— Input —
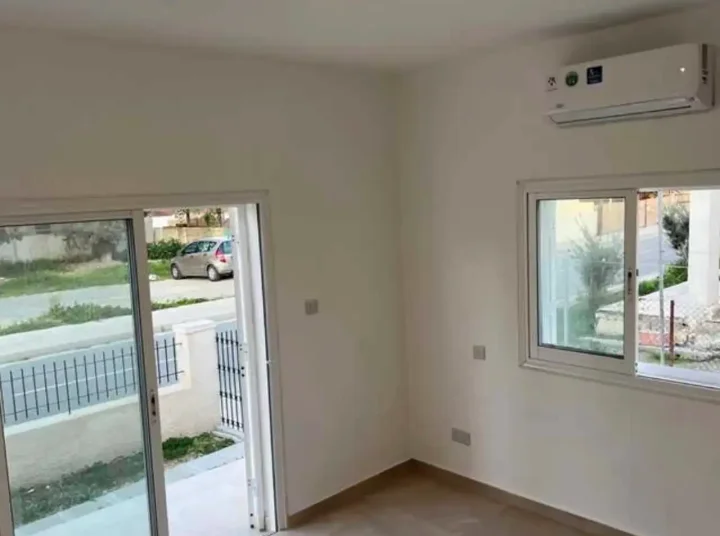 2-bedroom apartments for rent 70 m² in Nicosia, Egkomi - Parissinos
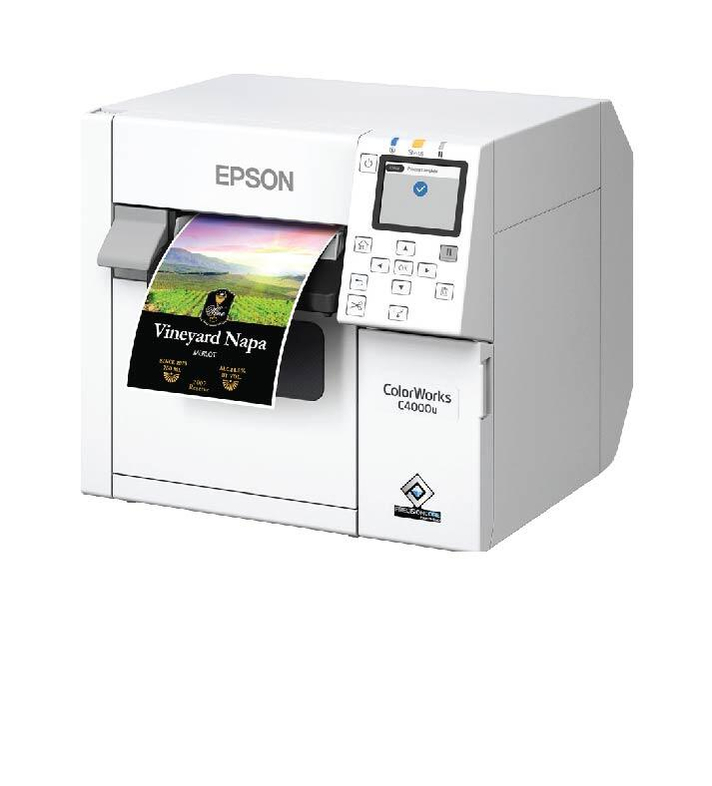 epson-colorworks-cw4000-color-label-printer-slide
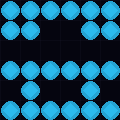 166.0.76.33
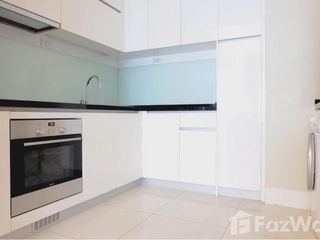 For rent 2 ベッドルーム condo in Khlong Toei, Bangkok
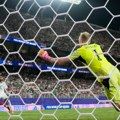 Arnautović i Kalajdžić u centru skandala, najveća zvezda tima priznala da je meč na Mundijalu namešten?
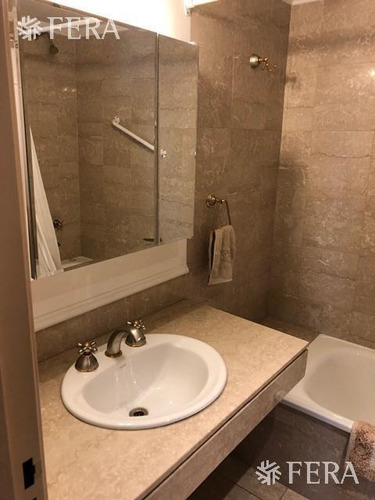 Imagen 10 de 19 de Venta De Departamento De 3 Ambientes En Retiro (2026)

...

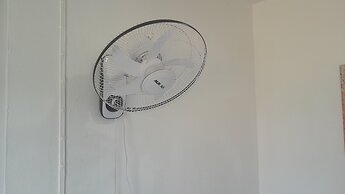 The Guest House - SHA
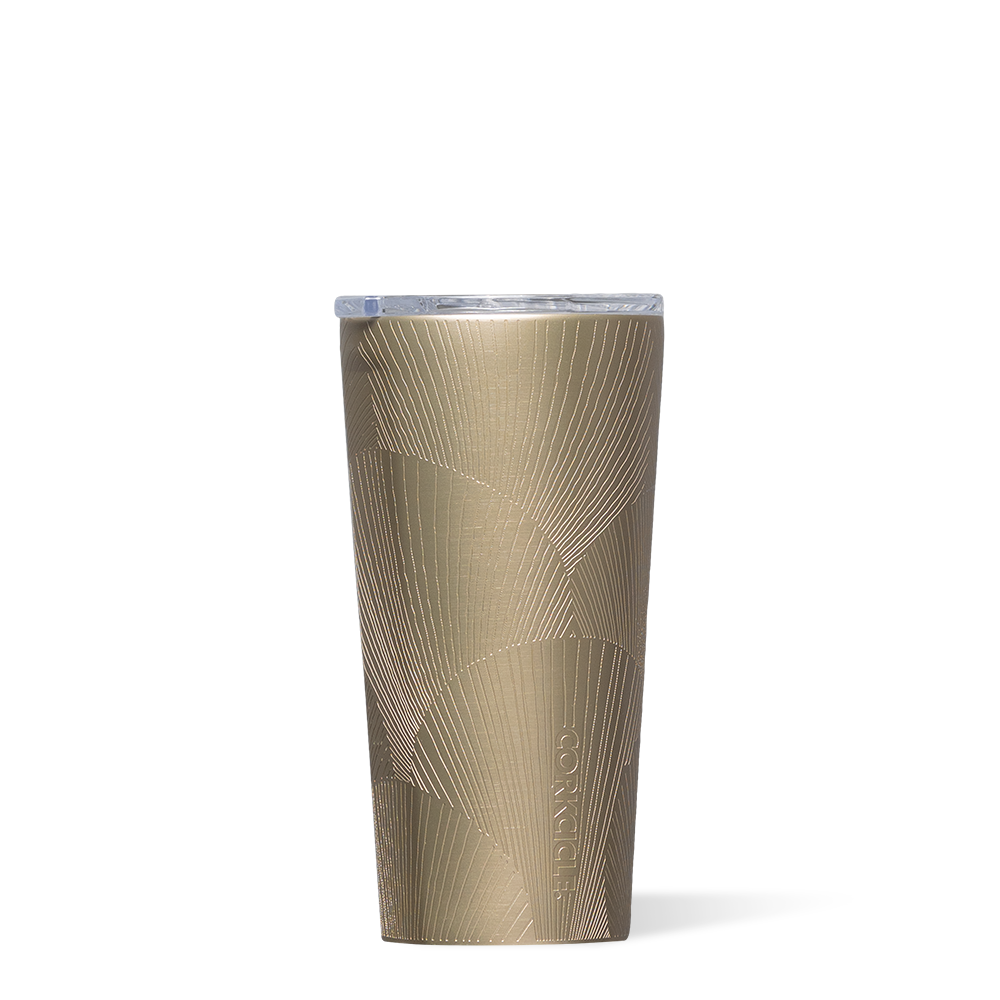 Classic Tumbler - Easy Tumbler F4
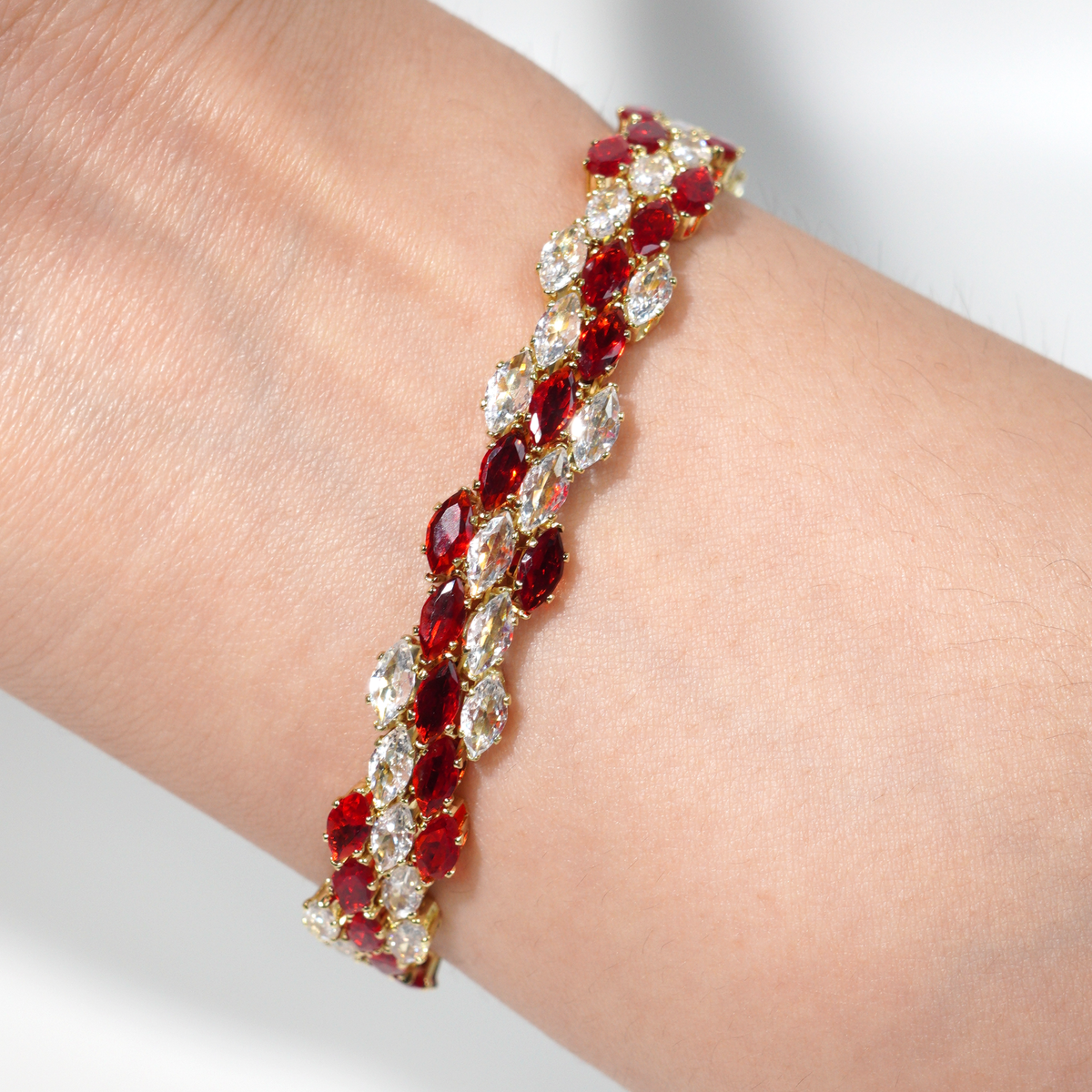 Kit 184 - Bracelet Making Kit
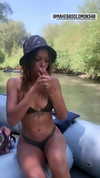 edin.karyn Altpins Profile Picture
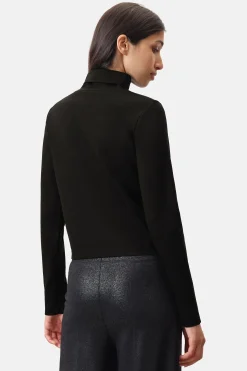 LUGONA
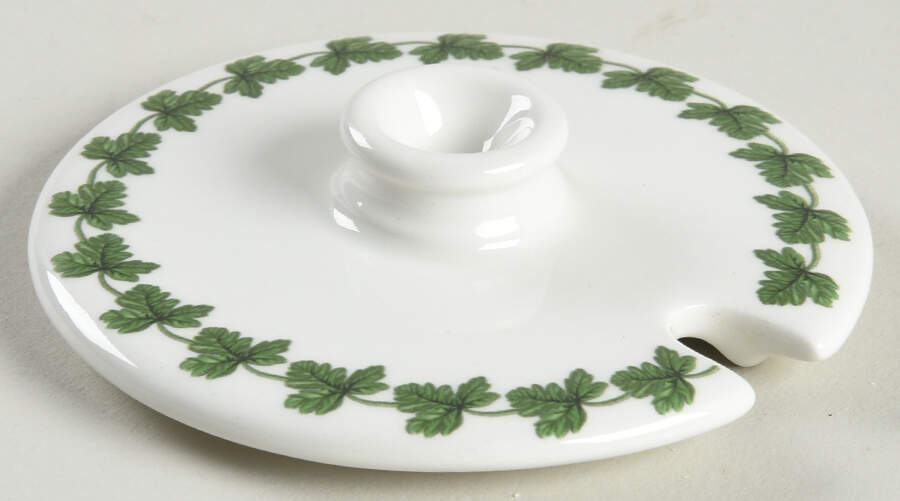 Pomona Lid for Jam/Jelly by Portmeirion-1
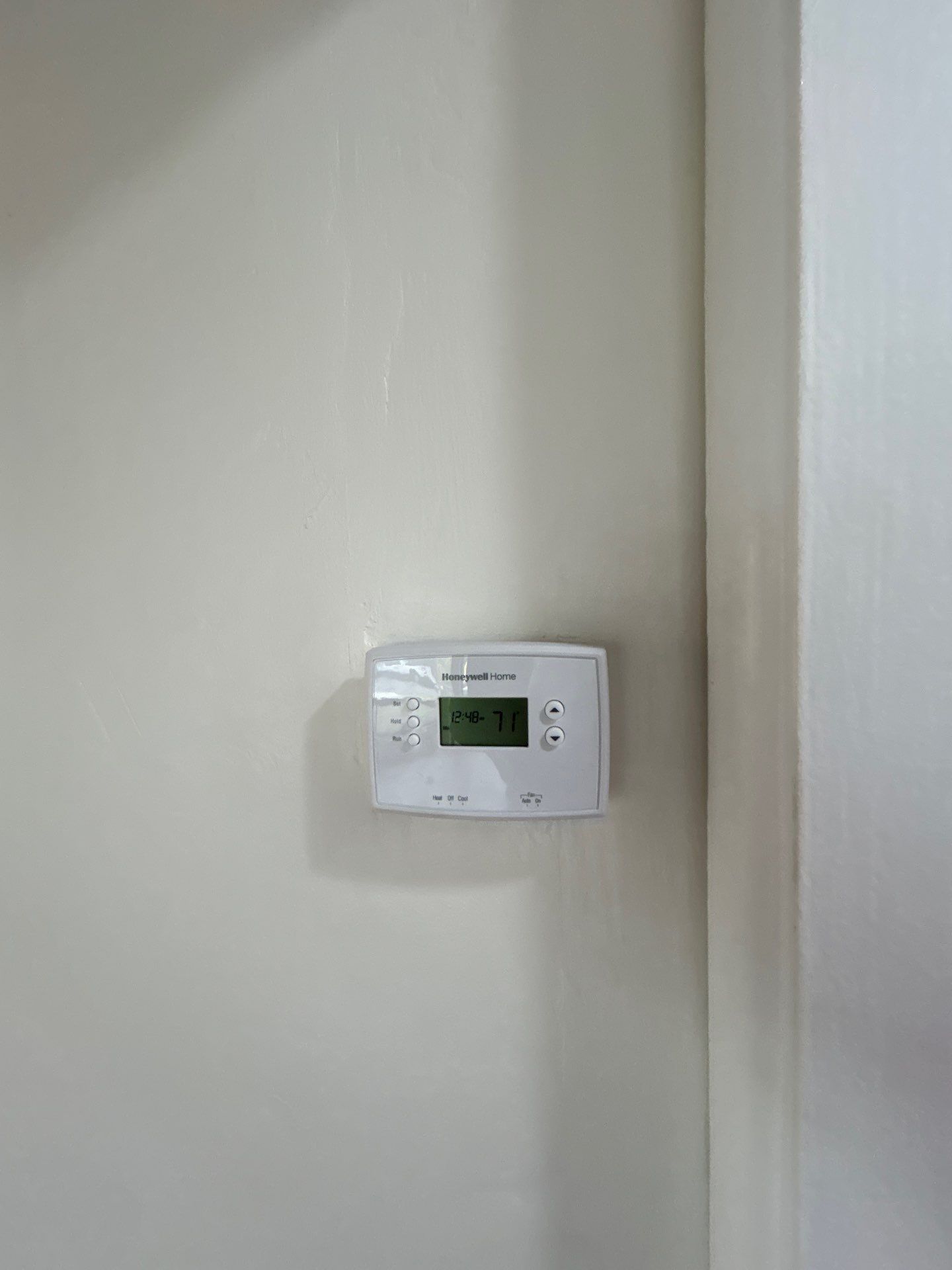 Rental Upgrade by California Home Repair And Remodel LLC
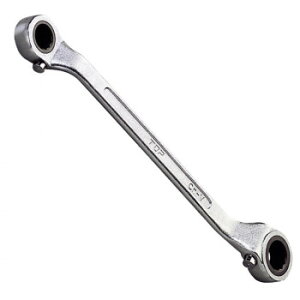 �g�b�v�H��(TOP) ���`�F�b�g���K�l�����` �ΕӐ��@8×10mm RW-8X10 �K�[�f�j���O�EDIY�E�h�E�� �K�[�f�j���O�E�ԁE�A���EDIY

---

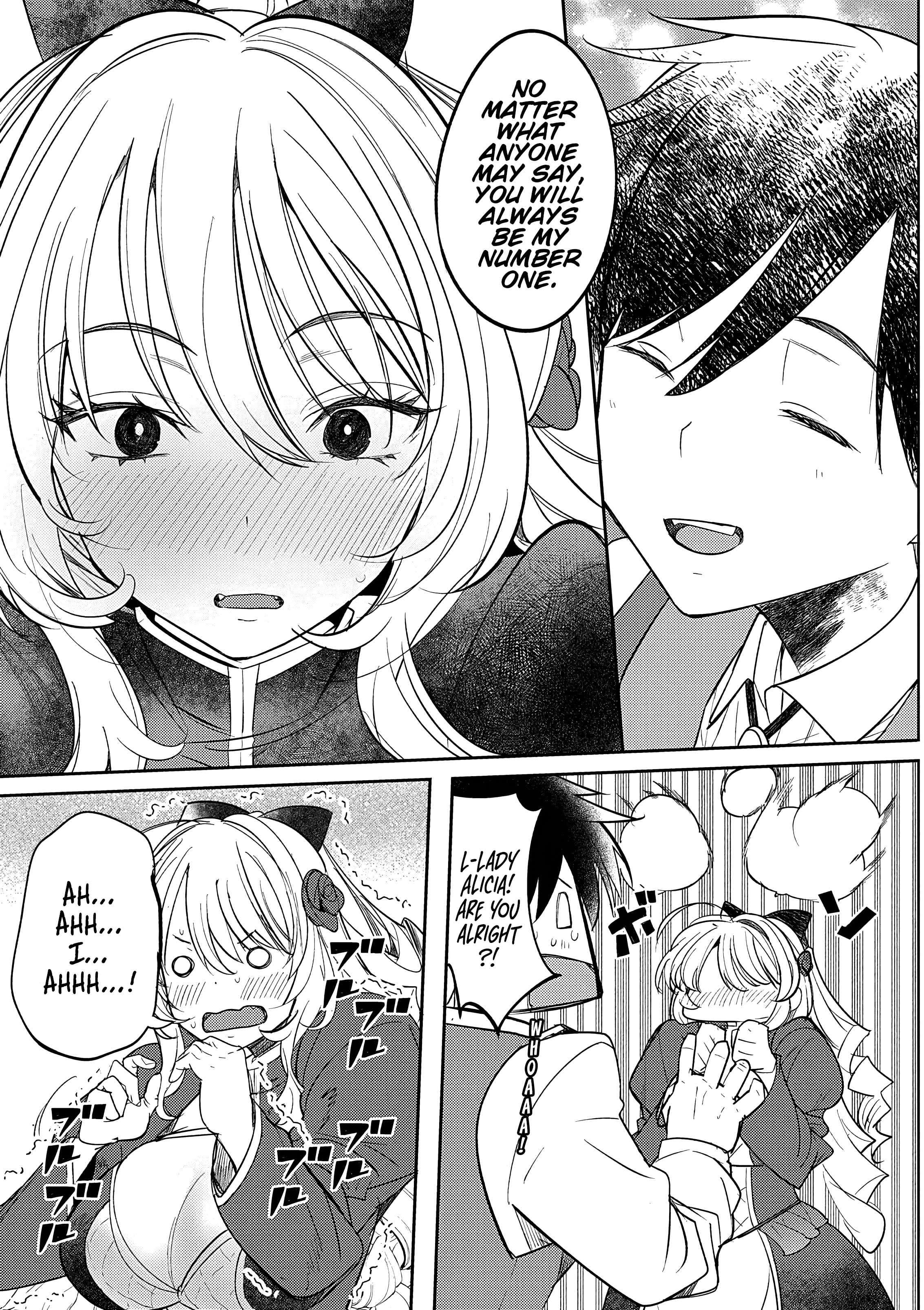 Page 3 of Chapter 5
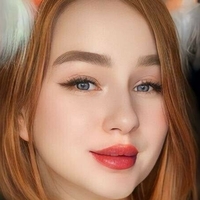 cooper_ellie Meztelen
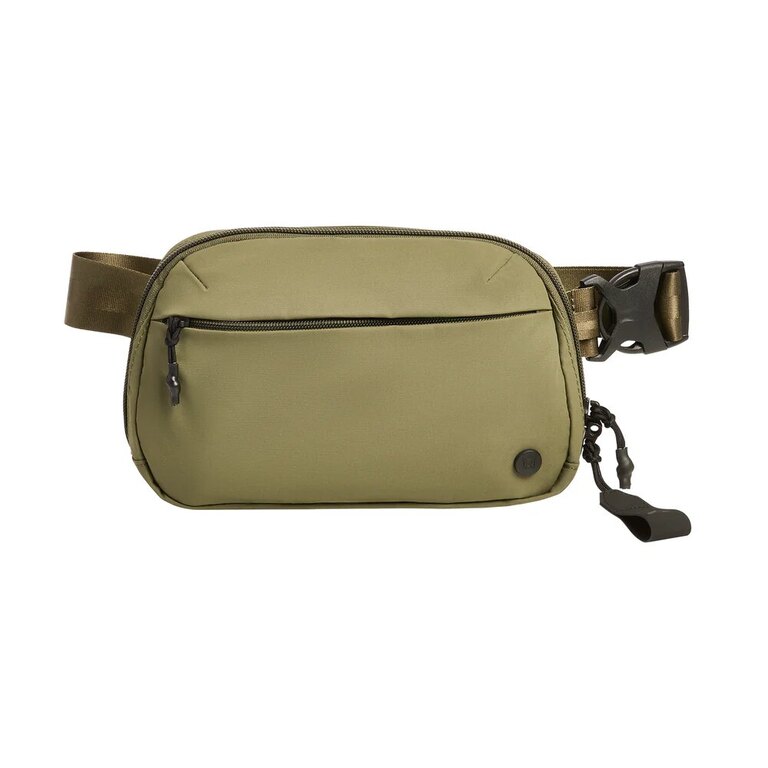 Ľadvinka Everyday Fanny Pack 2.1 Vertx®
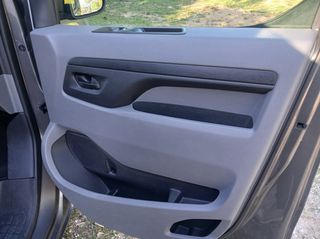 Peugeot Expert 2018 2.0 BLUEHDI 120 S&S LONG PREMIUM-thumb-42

— Task instructions —
Output exactly the lines above, beginning at the one with "The Guest House - SHA" and stopping after the one with "RW-8X10 �K�[�f�j���O�EDIY�E�h�E�� �K�[�f�j���O�E�ԁE�A���EDIY". Pictures are to be omitted.

— Final answer —
 The Guest House - SHA
 Classic Tumbler - Easy Tumbler F4
 Kit 184 - Bracelet Making Kit
 edin.karyn Altpins Profile Picture
 LUGONA
 Pomona Lid for Jam/Jelly by Portmeirion-1
 Rental Upgrade by California Home Repair And Remodel LLC
 �g�b�v�H��(TOP) ���`�F�b�g���K�l�����` �ΕӐ��@8×10mm RW-8X10 �K�[�f�j���O�EDIY�E�h�E�� �K�[�f�j���O�E�ԁE�A���EDIY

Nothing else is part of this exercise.